In [46]:
import os

from gensim.models import Word2Vec
import numpy as np
import pandas as pd

from socialsent import lexicons
from socialsent import seeds
from socialsent.polarity_induction_methods import random_walk
from socialsent.evaluate_methods import binary_metrics
from socialsent.representations.representation_factory import create_representation

from LMLexicon import LMLexicon
from IMDB import IMDB

In [2]:
# Just helper functions
def most_sim(embedding, word):
    word_scores = embedding.most_similar(word)
    return [(word, round(float(score), 3)) for word, score in word_scores]

def eval_words(embedding, not_included, lexicon):
    return [word for word in embedding.iw if word not in not_included and lexicon.get(word, False)]

def evaluate_lexicon(generated_lex, embedding, seeds, lexicon):
    word_eval = eval_words(embedding, seeds, lexicon)
    auc, avg_per  = binary_metrics(generated_lex, lexicon, word_eval)
    print("ROC AUC: {:0.2f}".format(auc))
    print("Average precision score: {:0.2f}".format(avg_per))
    print("")

# Creating a lexicon

We are going to create a domain specific lexicon using the method stated in this [paper](http://aclweb.org/anthology/D16-1057). The code for the paper was released [here](https://github.com/williamleif/socialsent) and I have modified it so that it can be used in Python 3 which can be found [here](https://github.com/apmoore1/socialsent). The method is based on word embeddings and even though in their paper they state that using Word2Vec models tend to perform poorly we are going to use them due to the ease in creating them.

Therefore the first job is to create the word embeddings we are going to use through out this notebook which are:
1. Financial word embeddings which we have taken from this [paper](https://arxiv.org/pdf/1705.00571.pdf) and have been pre-trained on financial articles e.g. The Times.
2. Movie review word embeddings which have been pre-trained but the method to train and create them can be found in this [class](IMDB.py).

In [3]:
fin_embeddings = os.path.abspath(os.path.join('word2vec_models', 'finance', 'all_fin_model_lower'))
fin_embeddings = Word2Vec.load(fin_embeddings)

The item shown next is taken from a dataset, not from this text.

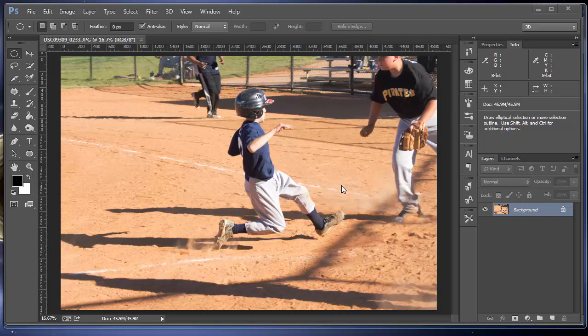Hello. In this video, I'm going to introduce you and explain the interface of Photoshop — how it works, how the tools work, how you work with it.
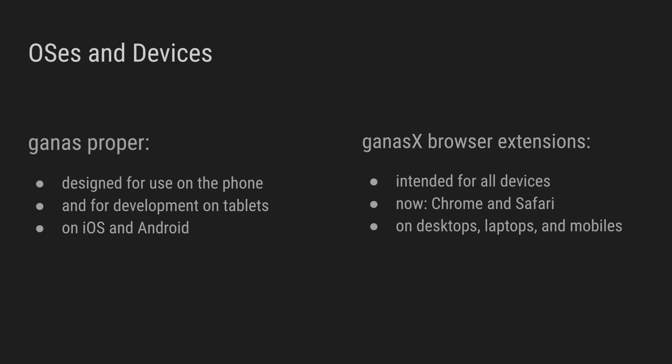GANAS X also supports the new Wallet Connect version 2 protocol, which has multi-chain support. And it can work as a standalone extension, providing Wallet Connect functionality to any dApp by code injection using any mobile wallet.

movie_embeddings = IMDB().vectors

Now we have done that we should have a look at the differences between the two word embedding models so that we can tell the differences. Have a go at changing the text values in the *most_similar* function argument. Hopefully you will see a difference between the finance embedding model and the movie model.

In [42]:
fin_good = pd.Series(most_sim(fin_embeddings, 'good'))
fin_sains = pd.Series(most_sim(fin_embeddings, 'sainsbury'))
movie_good = pd.Series(most_sim(movie_embeddings, 'good'))
movie_film = pd.Series(most_sim(movie_embeddings, 'film'))
together = pd.concat([fin_good, fin_sains, movie_good, movie_film],axis=1)
together.columns = ['Fin good', 'Fin Sains', 'Movie good', 'Movie film']
together

Unnamed: 0,Fin good,Fin Sains,Movie good,Movie film
0,"(great, 0.688)","(tesco, 0.673)","(decent, 0.751)","(movie, 0.936)"
1,"(solid, 0.643)","(asda, 0.562)","(great, 0.668)","(picture, 0.688)"
2,"(decent, 0.64)","(morrison, 0.516)","(fine, 0.646)","(flick, 0.659)"
3,"(encouraging, 0.622)","(morrisons, 0.508)","(solid, 0.64)","(sequel, 0.595)"
4,"(pleasing, 0.619)","(marston, 0.48)","(passable, 0.624)","(films, 0.561)"
5,"(healthy, 0.593)","(lowe, 0.479)","(nice, 0.623)","(entry, 0.553)"
6,"(strong, 0.591)","(macy, 0.479)","(terrific, 0.612)","(installment, 0.551)"
7,"(excellent, 0.583)","(waitrose, 0.478)","(bad, 0.611)","(pic, 0.538)"
8,"(terrible, 0.579)","(wendy, 0.464)","(well-done, 0.599)","(it, 0.53)"
9,"(terrific, 0.564)","(grocer, 0.447)","(fantastic, 0.585)","(story, 0.529)"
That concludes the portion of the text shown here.